This is now a huge and troubling issue — I recently attended a powerful and sobering event at the New York HQ for Reuters, with terrific panelists addressing this very question.

The first speaker, who flew in from London, showed the audience five videos and asked us to vote on whether they were fake or real. Some were fake, and so carefully created it was really difficult to tell.

In an era of such deceptive deepfakes, question carefully!

 

Who writes the headlines?

Not the reporters! Every outlet has a series of editors above the reporters and they will oversee the headlines and write them. No reporter writes their own headlines; freelancers can and do suggest one when pitching, and some will be kept.

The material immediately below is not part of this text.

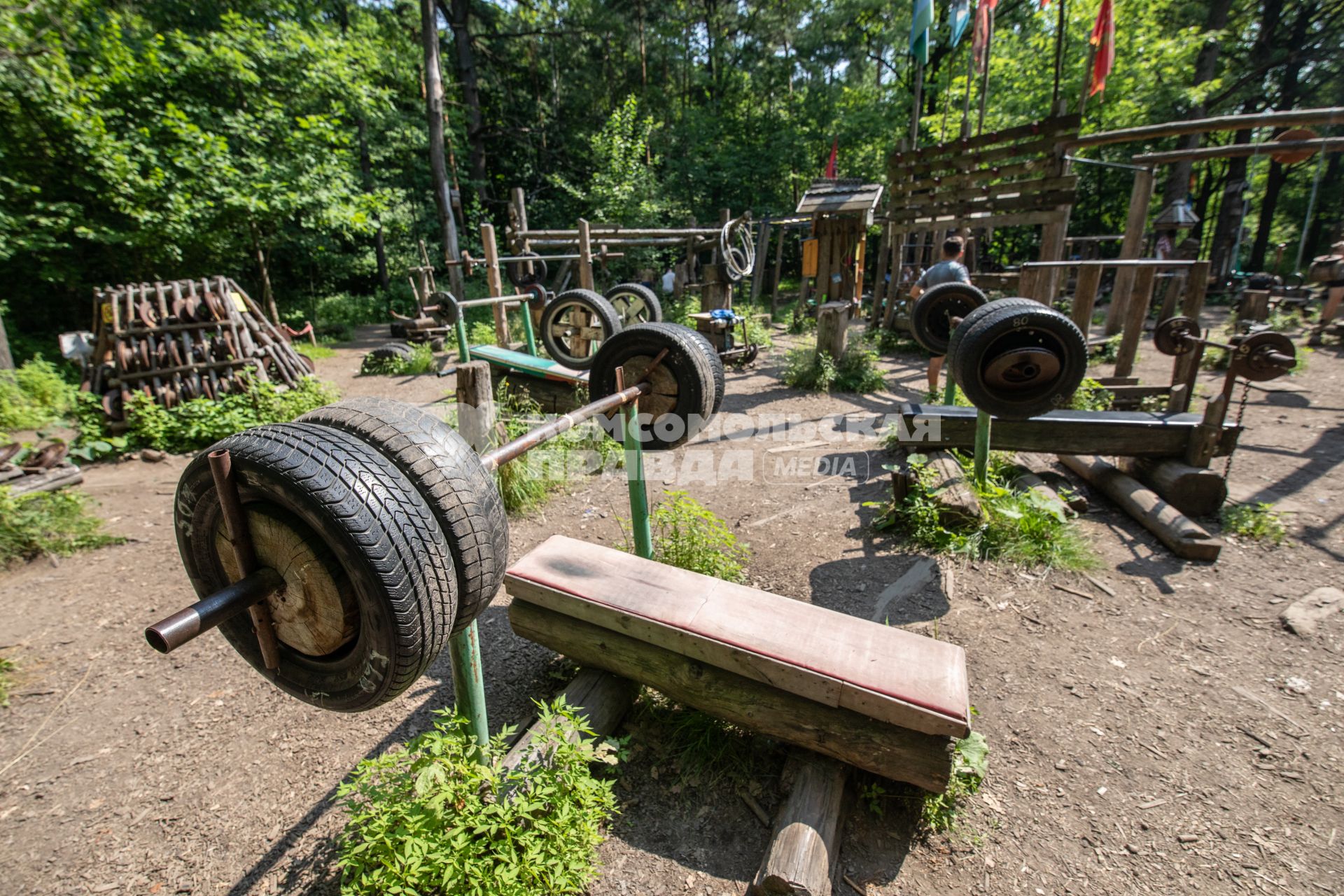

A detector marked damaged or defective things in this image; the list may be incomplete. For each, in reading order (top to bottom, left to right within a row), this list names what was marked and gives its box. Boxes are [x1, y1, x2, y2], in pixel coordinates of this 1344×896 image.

rusty metal pipe [145, 572, 284, 655]
rusty metal pipe [206, 451, 281, 668]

Same for book titles; I named my first book and my editor (thankfully!) named my second.

Who writes the captions for photos?

Editors. Sometimes the photographer.

 

How much do reporters make?

Hah! So much less than people imagine. In 2019, the American average was $40,081. To put this into context, I earned $45,000 as a reporter for the Montreal Gazette  — in the 1980s. If you’re fortunate enough to get hired by a major national outlet, like Reuters wire service or The New York Times, you might get $90,000 or more.

How much do TV reporters make?

A lot more, depending if regional or national. Those working at the national level — sometimes more experienced and skilled — will make more. Locally, $56,455.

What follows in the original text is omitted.